The Brunch Table


DA for MCP

Filed under: — Nick @ 3:59 pm

Interview with Bill Kroyer, Director of Animation for Tron. The most interesting part is where he talks about the film’s computer elements being rendered on a Cray mainframe–which meant that rendering anything meant dealing with the Cray company technicians, who were the only ones allowed to touch it. That never occurred to me before…suddenly the very ’80s Kraftwerkish “scary computer” makes a lot more emotional sense.

The overall tone of the article is a bit keynote-addressey, but it’s these little hints of a bygone production process that are amazing to read:

The Cray was a cool computer, able to do six billion computations a second. It was engineered to such a high level of performance, that it was actually designed to crash three or four times a day. And the only people who could start it back up again were people from Cray. So, when you bought a Cray, they sent people who would live with it, called Crayons, in a trailer in the parking lot…

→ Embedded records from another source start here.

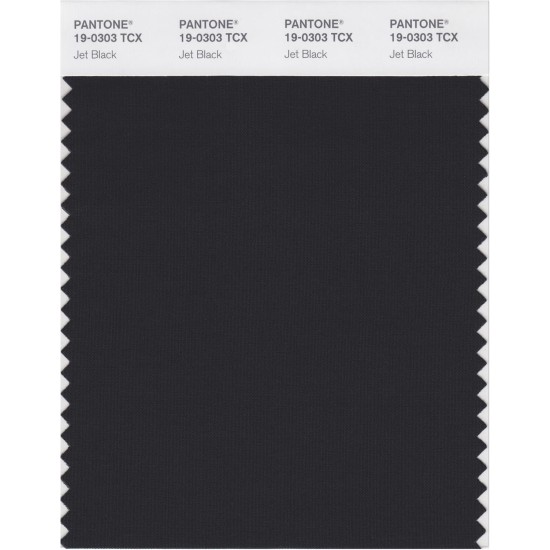 PANTONE Smart 19-0303X Color Swatch Card, JetBlack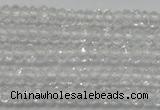 CRB112 15.5 inches 2.5*4mm faceted rondelle white crystal beads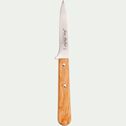Couteau multi-usages en inox et bois d'olivier 25cm - naturel-TRADITION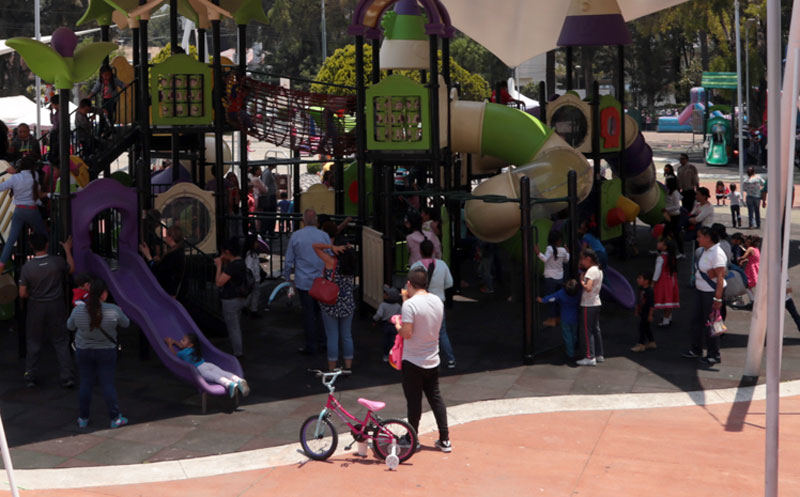 Hay gritos de júbilo y alegría de los niños y niñas.  (Maribel Calderón)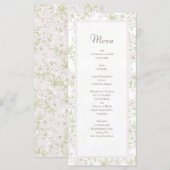 White Rose Classic Wedding Menus Menükarte (Vorne/Hinten)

If you watch the credits, you’ll see a couple hundred Chinese characters at the end: those are the names of the artists who painted mattes in Taiwan. A year later, that was totally obsolete. Computers could do all that. That’s how fast it changed…

When we did FernGully: The Last Rainforest, which we ink-and-painted using traditional methods, we used 4 tons of paint and produced 16 tons of finished art just to make one film. Now it’s on a few tapes or disks.